AMONG THE HUNDREDS OF LETTERS AWAITING HER
at the hotel was an angry one from Edward in the same vein as his telegram:

I feel that I am part of a travelling circus. Can you imagine what it’s like on the floor of the Stock Exchange with one’s colleagues looking sideways at me? Our engagement has been announced, surely that was enough? The wings of love, indeed. Marriage is a private affair. I have no idea what you will say next to the press. If you are going to be one of these famous people, you should think carefully what you say, because others are always involved.

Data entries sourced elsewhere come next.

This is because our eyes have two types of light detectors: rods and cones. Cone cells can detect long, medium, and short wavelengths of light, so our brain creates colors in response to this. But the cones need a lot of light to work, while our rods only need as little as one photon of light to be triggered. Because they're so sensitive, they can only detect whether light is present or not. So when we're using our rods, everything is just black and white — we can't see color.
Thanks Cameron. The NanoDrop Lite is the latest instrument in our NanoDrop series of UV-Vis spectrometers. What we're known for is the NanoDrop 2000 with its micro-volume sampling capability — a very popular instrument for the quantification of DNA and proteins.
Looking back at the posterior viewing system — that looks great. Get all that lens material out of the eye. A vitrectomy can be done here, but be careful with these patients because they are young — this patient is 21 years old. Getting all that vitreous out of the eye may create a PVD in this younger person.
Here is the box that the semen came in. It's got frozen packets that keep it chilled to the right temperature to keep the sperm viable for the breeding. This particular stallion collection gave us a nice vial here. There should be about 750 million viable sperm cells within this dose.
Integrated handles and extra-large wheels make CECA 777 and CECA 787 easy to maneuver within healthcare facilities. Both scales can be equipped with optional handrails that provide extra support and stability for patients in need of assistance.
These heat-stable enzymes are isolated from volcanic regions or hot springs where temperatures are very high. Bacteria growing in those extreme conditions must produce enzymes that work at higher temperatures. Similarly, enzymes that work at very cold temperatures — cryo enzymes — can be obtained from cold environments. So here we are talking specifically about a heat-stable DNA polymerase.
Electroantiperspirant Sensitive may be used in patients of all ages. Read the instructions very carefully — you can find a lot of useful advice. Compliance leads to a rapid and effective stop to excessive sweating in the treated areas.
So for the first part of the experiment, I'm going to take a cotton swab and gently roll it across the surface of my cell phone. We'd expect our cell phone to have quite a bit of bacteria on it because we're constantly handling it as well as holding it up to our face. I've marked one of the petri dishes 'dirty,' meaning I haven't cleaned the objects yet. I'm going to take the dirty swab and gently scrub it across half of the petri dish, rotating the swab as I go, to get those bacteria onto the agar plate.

She didn’t understand this reaction, although she had an idea that the wings from Savelli had caused Edward some discomfort. As if he doubted the manner in which she had obtained them, perhaps. Or it might simply have been that, now that her fame had spread, reporters had turned up at his untidy bachelor’s flat, looking for clues about their lives. The distance between them seemed immeasurable. She longed to end things with Edward immediately, but Charles Ulm would hardly thank her if she did. It wouldn’t do for him to think that one illicit night could claim her heart. She determined to put Charlie from her mind, and settle to being in love with Edward. Besides, the newspapers in Auckland were full of their engagement:
OUR JEAN TO BE MARRIED
. The tone of her reply was conciliatory.
Darling, I will settle down. So much work to be done here, and I must see all the people who are expecting me. I will be paid for my lectures, and that will be useful when we are married. You don’t
want a little wife who is always asking for pocket money, now do you?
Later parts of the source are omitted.